> **Supplied records**
▼
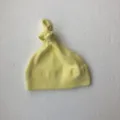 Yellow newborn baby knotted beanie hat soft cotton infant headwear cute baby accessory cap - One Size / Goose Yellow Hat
▲
▼
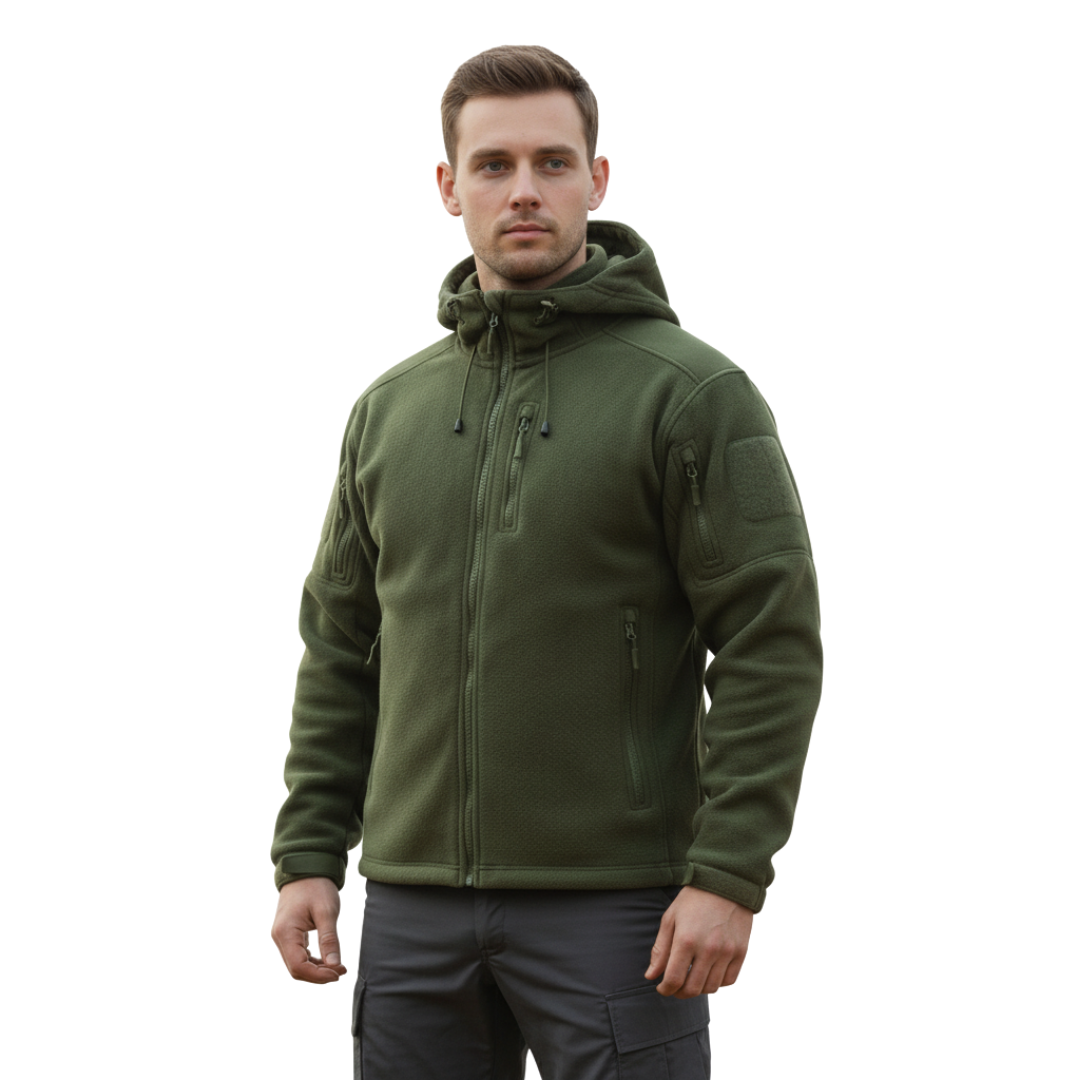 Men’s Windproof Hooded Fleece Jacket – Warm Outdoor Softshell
▲
▼
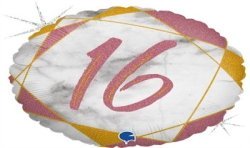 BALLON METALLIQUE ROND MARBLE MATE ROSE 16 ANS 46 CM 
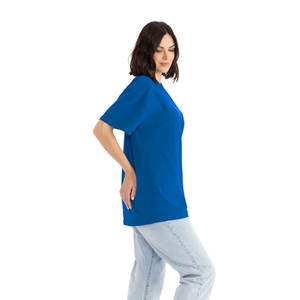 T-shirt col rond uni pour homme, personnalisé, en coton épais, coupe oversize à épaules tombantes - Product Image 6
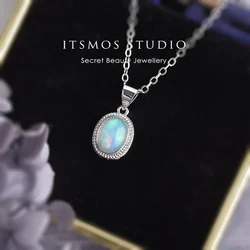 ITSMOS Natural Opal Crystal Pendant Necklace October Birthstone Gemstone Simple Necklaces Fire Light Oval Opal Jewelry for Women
▲
> **Problem to work on**
Having found the line with "BALLON METALLIQUE ROND" and the line with "ITSMOS Natural Opal" in the material above, write out exactly those two and every line between, leaving the pictures out.

> **Your response**
 BALLON METALLIQUE ROND MARBLE MATE ROSE 16 ANS 46 CM 
 T-shirt col rond uni pour homme, personnalisé, en coton épais, coupe oversize à épaules tombantes - Product Image 6
 ITSMOS Natural Opal Crystal Pendant Necklace October Birthstone Gemstone Simple Necklaces Fire Light Oval Opal Jewelry for Women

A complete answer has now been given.